Cette différence de costumes est révélatrice de différences de mœurs (comme le révèle la première
discussion entre Ward et Anderson qui, lui, est originaire du Sud): les hommes du Nord sont plutôt
des employés, des intellectuels, des hommes de bureau, installés en ville, alors que ceux du Sud sont
des hommes de terrain, de la campagne, des travailleurs manuels qui «tombent la veste». Il ne s’agit
bien sûr que d’une tendance générale traduisant des différences de développement économique entre
le Sud et le Nord.
Dernier détail à propos de ce conflit entre le Nord et le Sud: quand les hommes du Klan arrivent en
voiture au centre ville, on peut remarquer à côté de la plaque d’immatriculation un petit drapeau de
l’ancienne confédération sudiste. Les hommes du Klan n’ont pas oublié l’histoire et se réclament
fièrement de ce Sud qui a voulu faire sécession de l’Etat nordiste.

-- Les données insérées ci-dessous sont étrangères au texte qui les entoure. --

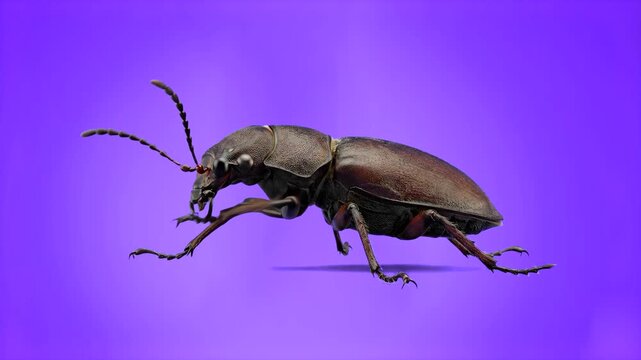 High-detail 3D render of a longhorn beetle standing and cleaning its front leg, set against a smooth purple background. Great for creative nature promotions, educational banners, insect study graphics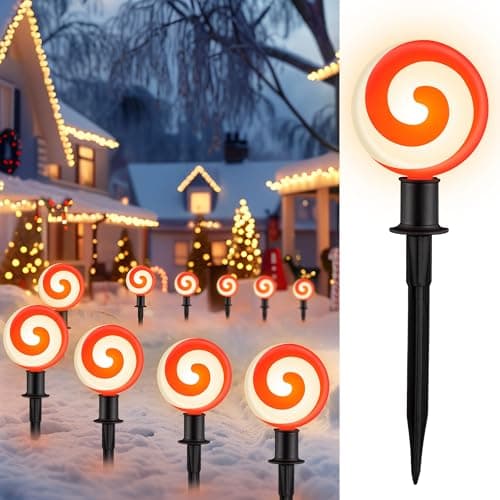 Ultimate Unicorn Christmas Decoration Lollipop Pathway Lights Red — image 1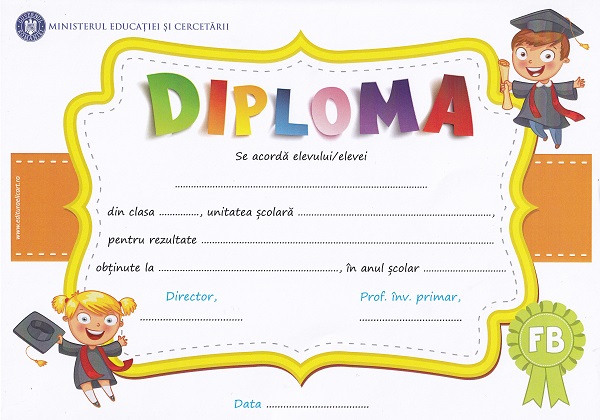 Coperta cărții 'Diplomă școlară pentru ciclul primar'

o 3) Parker livre par ailleurs plusieurs indications sur la situation des Noirs dans le Sud des
États-Unis à cette époque. Victimes de la ségrégation (voir la première image du film, la
scène dans le restaurant puis au tribunal), les Noirs occupaient l’échelon le plus bas de
l’échelle sociale, et servaient de main-d’oeuvre à bon marché pour les Blancs.
Lorsqu’on examine la répartition des lieux dans Mississippi Burning, on constate une nette
bipartition de l’espace entre d’une part le centre ville où ne semblent résider que des Blancs et où
les Noirs ne sont admis que pour travailler ou consommer (au restaurant par exemple), et d’autre part
la périphérie où se trouve un ghetto noir, et la campagne où les Noirs occupent, semble-t-il, des
maisons isolées. La ségrégation s’inscrit donc aussi dans la répartition de l’habitat.
En outre, les différences socio-économiques sont nettement marquées entre les quartiers. Si, comme
on l’a dit, le centre ville dégage un charme vieillot, les maisons des Noirs par contre sont de pauvres
cabanes de bois sans luxe ni décoration. La première scène d’interrogatoire est à cet égard fort
significative. Après s’être rendu au bureau du shériff, Ward et Anderson se rendent sur les ruines
d’une église incendiée par le Ku Klux Klan, puis interrogent une vieille femme noire, témoin du
méfait: la scène débute par un gros plan sur le visage de cette femme, visage ridé et marqué par la
vieillesse, et l’on entend, sans le voir, la voix de Ward posant des questions; puis la caméra recule et
révèle l’ensemble du décor: la vieille et son mari vivent dans un taudis misérable et pourri. Chaque
fois que le spectateur aura l’occasion de pénétrer dans des habitations de Noirs, la caméra révélera un
décor similaire, misérable, même s’il n’est pas toujours aussi sordide.